I received this inquiry: I want to have a no-wrap shower and just have people’s lovely gifts displayed—and of course, I’ll be sure to thank everyone just as I would if I were opening them. My mother is horrified and says that’s rude. Are such showers considered to be in poor taste? I’ve been to quite a few. Let me know what you think! :)
There seem to be two different issues here: First, should the guests be asked to bring unwrapped gifts, and, second, what happens when the bride and her mother differ on wedding etiquette.

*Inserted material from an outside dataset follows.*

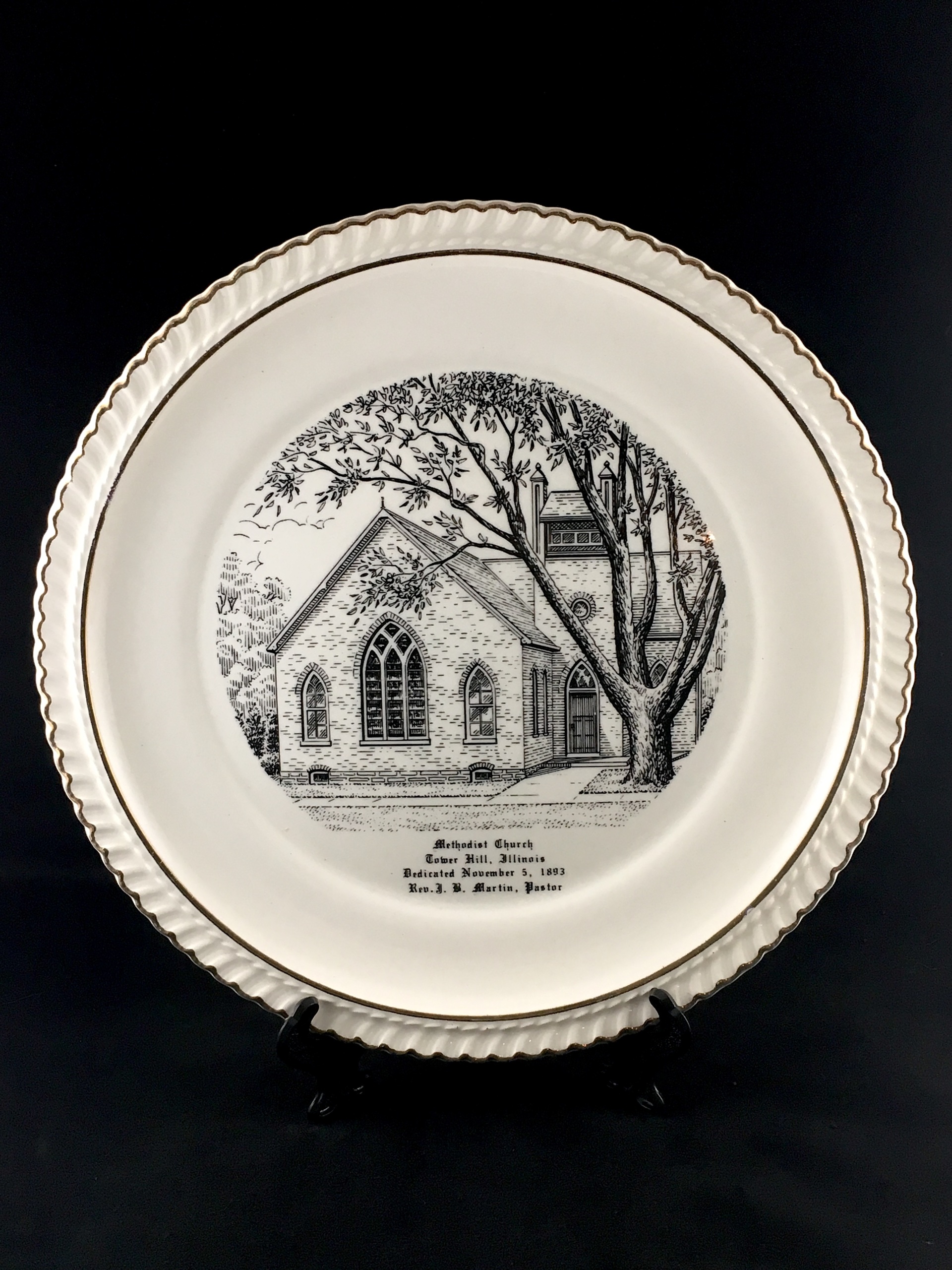 Vintage Chapel Plate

And, as a wedding planner, I have heard both arguments. The argument for a shower with unwrapped gifts seems to focus on the waste of resources, both money and paper. A compromise here is to request that gifts are presented with recycled paper. But… why are you telling guests how to wrap their gifts? Somehow it makes it sound like the recipient is so focused on the gifts and not the gathering. Guests pick their wrapping paper (or other materials) with care. That’s part of thoughtful gift-giving.
And I have heard the argument that if the gifts arrive unwrapped, there will be more time for socializing and less time tearing paper from boxes. Many of the gifts have probably been purchased from the couple’s registry, so there isn’t the issue of opening an unwelcomed present and pretending to love it. And yes, sometimes the opening of gifts takes waaaaay too long. To alleviate this issue, the bride’s attendants can form an assembly line and sit with the bride. One can take open the cards, the bride can open the box, the next attendant can handle the wrapping paper (and ribbons), and the last one can keep a record of the gifts and their donors.
AND…If it’s a matter of appearing rude to the mother’s friends, I would suggest sensitivity here. Why do something that would actually offend her shower guests?
So… my short answer: I would urge the bride NOT to have a shower with unwrapped gifts. What do you think?